Desde entonces se utiliza el ajedrez como ejemplo de razonamiento lógico frente a los dados como elemento azaroso; el uso del «seso» y no la «ventura». ¿Pero es esto realmente así? ¿Es el ajedrez, epítome de la inteligencia y la toma de decisiones, una actividad que no deja nada a la suerte, al imponderable, al riesgo y a la intuición personal?
Los jugadores de ajedrez poseen sin duda una apreciación de la posición de las piezas que procede de la acumulación de conocimiento de las partidas jugadas o analizadas. En su conjunto, esta cualidad difícilmente cuantificable configura un feeling, una sensación por la posición, por el riesgo que puede permitirse en un momento dado, por la posibilidad de sacrificar una pieza por la promesa de un ataque imparable.

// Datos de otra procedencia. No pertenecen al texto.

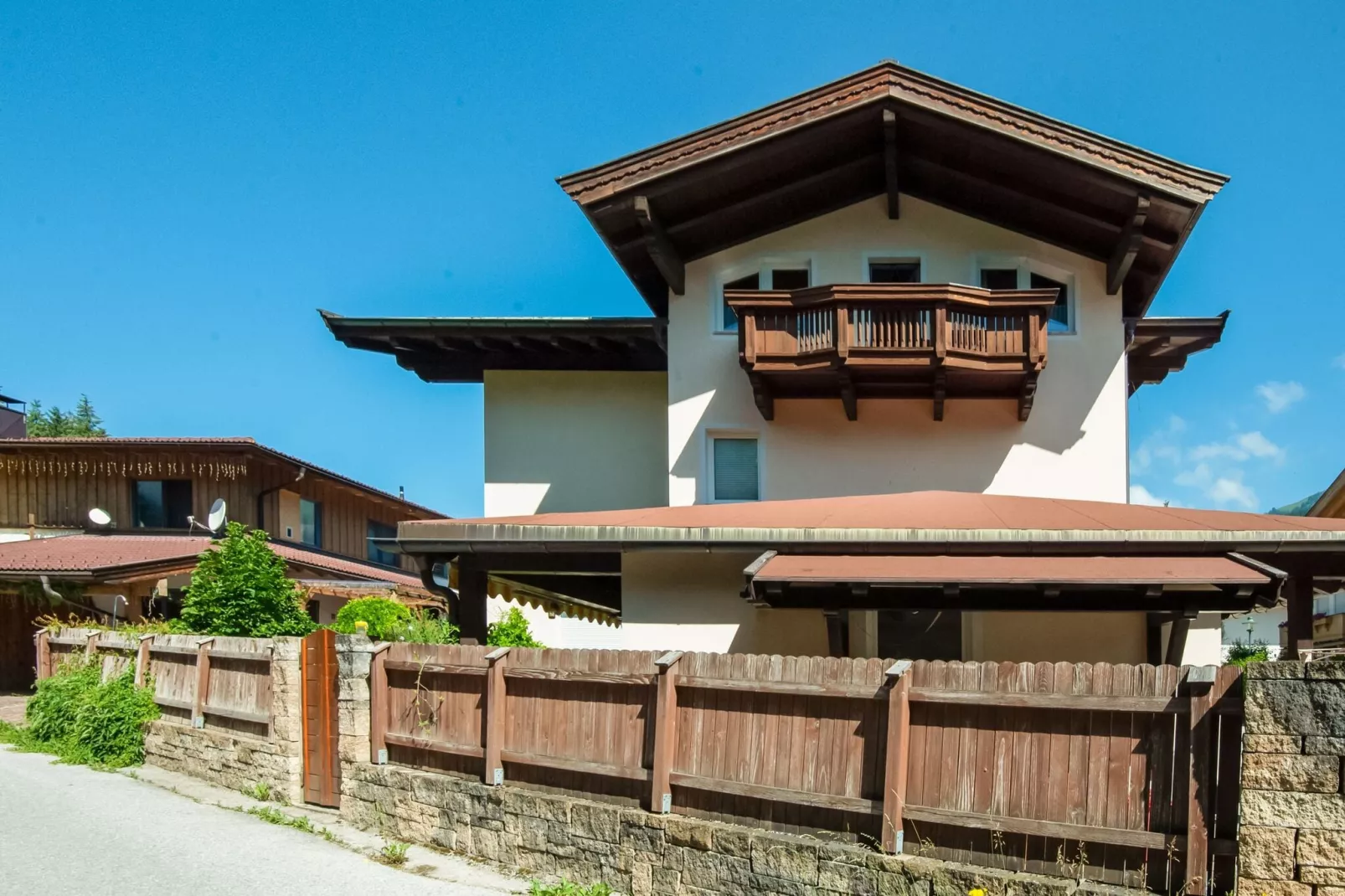 Appartment Christian-Extérieur été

En el momento en que un jugador toma una decisión arriesgada frente a otra más serena está desafiando la lógica. Está empleando, sin saberlo, la filosofía kantiana más canónica frente a la pura lógica aristotélica. Son momentos de descubrimiento intuitivo, momentos en donde no se sabe cómo ni por qué, la decisión se toma en función de las sensaciones. Las combinaciones están ahí para descubrirlas, muchas veces no mediante un razonamiento lógico, sino por una iluminación intuitiva.
David Janovsky uno de los grandes ajedrecistas de principios de siglo XX, después de perder un match con el gran Emanuel Lasker por 8 a 3 dijo de su oponente: «Lasker juega de manera estúpida; me confunde, por eso me gana». En los años sesenta otro genio del tablero, Mikhail Tal, apodado el Mago de Riga, confundiría una y mil veces con sus jugadas intuitivas la inteligencia de sus oponentes. Tanto Lasker como Tal fueron campeones del mundo. El mago apaga la luz y el seso no tiene más remedio que dar paso a la ventura.